C’è un senso di malsana insicurezza davanti al televisore.
Come per il Titanic, o per l’assedio a Stalingrado sai già come andrà a finire: stiamo parlando di una metafora. La serie televisiva trasmette subito un disagio latente, crescente e subito palpabile. Un climax di dolore, di veleno potente e ineluttabile: le radiazioni sono invisibili. Tu lo sai, loro no; tu sai che è fiction ma sai anche che qualcuno ha vissuto effettivamente una catastrofe come questa. E soffri, quasi ti manca l’aria.

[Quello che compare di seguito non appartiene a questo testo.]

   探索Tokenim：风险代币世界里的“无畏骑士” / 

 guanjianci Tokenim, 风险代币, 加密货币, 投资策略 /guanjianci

5 puntate, e – per quanto vale – scopri che è la serie con le recensioni migliori dacché esiste IMDB. La cura dei dettagli, la fotografia ti inchiodano sul divano, con un’angoscia per l’ignoto per l’incoscienza degli uomini.
E’ una serie profonda. A più livelli di lettura. Oltre la tragedia e i lutti personali, su un’orizzonte ben più profondo: la lotta per la verità, il rapporto perverso tra cittadino e potere. Il senso di de-personalizzazione che la fallacia sovietica inculcava per illudere i cittadini ad esser migliori, quando invece era solo un peana all’obbedienza e alla mediocrità
“What is the cost of lies? It’s not that you’ll mistake them for the truth, it’s if we hear enough lies, we may no longer recognize the truth at all.”